Chi fosse affezionato al principio costituzionale della parità dei poteri avrebbe di che riflettere su questa enorme e ormai insopportabile disparità di prerogative. Da una parte una sempre più evidente impotenza, dall’altra una forza di fuoco difficilmente contrastabile. E se resta valido il principio che il potere corrompe e il potere assoluto corrompe assolutamente ci sarebbero molte ragioni per consigliare un riequilibrio nei rapporti tra le principali istituzioni dello Stato restituendo alla politica l’agibilità perduta (anche per colpa propria).
Questa la cornice in cui s’inquadra la discussione tornata in vita di recente sul ripristino dell’immunità per deputati e senatori secondo la volontà dei Padri Fondatori della Repubblica. Un’immunità non abolita come frettolosamente si afferma, ma fiaccata dalla modifica alla Costituzione intervenuta nel 1993 per eliminare l’autorizzazione a procedere e consentire dunque che i parlamentari possano essere processati senza la preventiva autorizzazione della Camera di appartenenza finendo alla mercé degli accusatori.
Tra i giganti dell’Assemblea costituente che tra il 1946 e il 1947 stilarono la Carta che dal 1848 è al fondamento dell’ordinamento giuridico del Paese possiamo ricordare il presidente repubblicano Meuccio Ruini, il comunista Palmiro Togliatti, i democristiani Giuseppe Dossetti e Amintore Fanfani. Avversari in tante battaglie, questi e altri esponenti di spicco dei partiti chiamati a edificare sulle macerie della guerra decisero che i rappresentanti del popolo dovessero godere di una garanzia rafforzata per non essere ricattabili.
Il punto di svolta è Tangentopoli. Messa alle corde da un assalto insolito e massiccio della magistratura, un’intera classe dirigente si fece travolgere da inchieste sommarie rivolte a punire più i costumi che i reati. L’incalzare dell’opinione pubblica che abbracciò con ardore, aizzata dai giornali, la rivoluzione che sembrava dovesse farsi storia portò i pochi sopravvissuti e i molti figuranti che nel frattempo avevano sostituito i caduti sul campo al gesto estremo di mostrare il petto nudo al carnefice di turno semplificandogli il compito.

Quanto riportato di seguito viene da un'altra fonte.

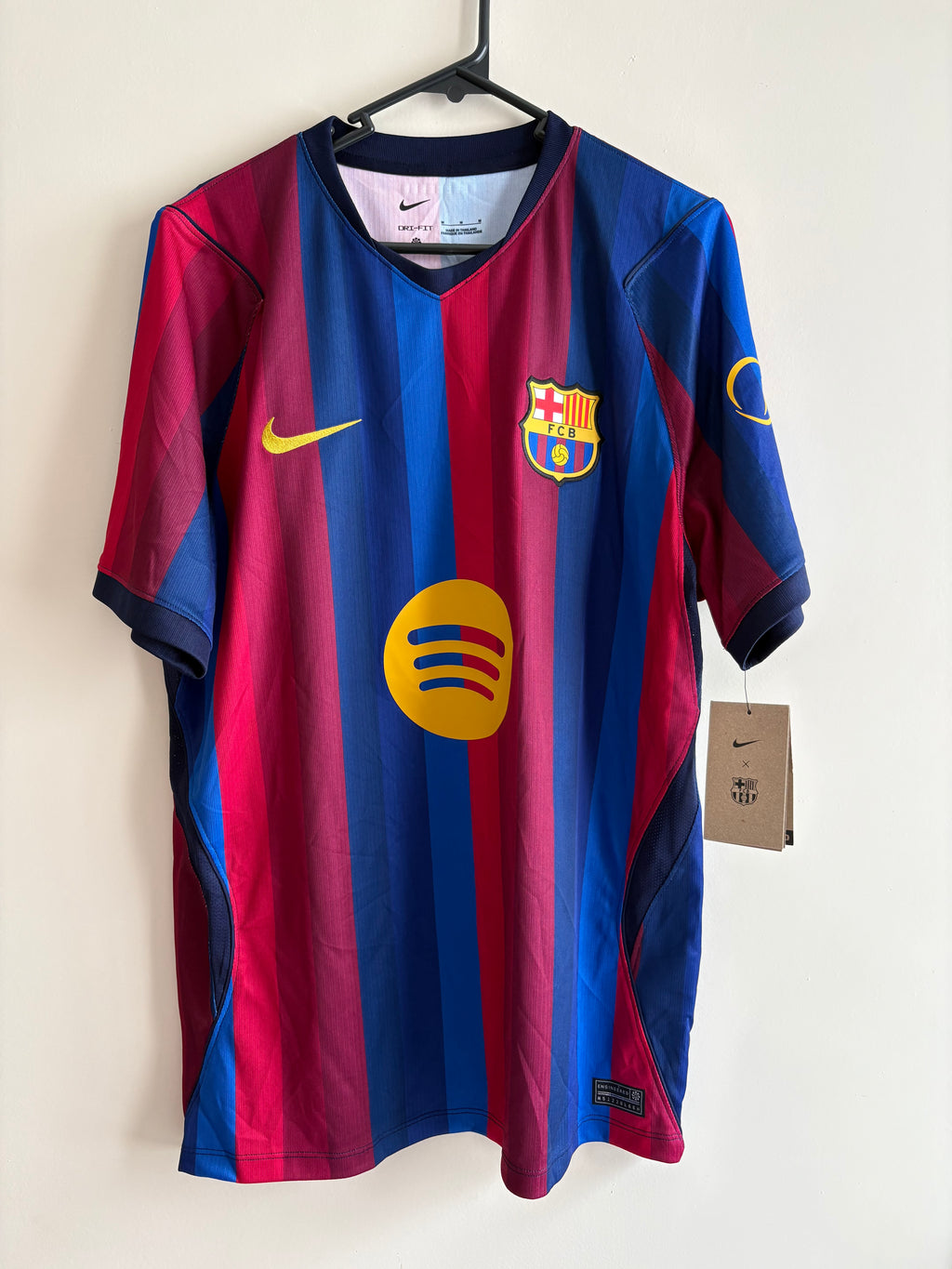 Jersey local FC Barcelona 26/27 LAMINE YAMAL LIGA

Quello che è seguito è cronaca di tutti i giorni. E sappiamo che la giustizia – per responsabilità di chi ha abusato di una posizione diventata dominante – si è smarrita nei meandri di lotte intestine e di inchieste finite nel nulla per la loro inconsistenza. In breve è venuta a mancare nel Paese quella fiducia che ne aveva sorretto per tanti anni l’iniziativa. Da qui la possibilità che si torni all’origine sull’immunità parlamentare dopo che sia andata in porto la separazione delle carriere tra magistrati inquirenti e giudicanti.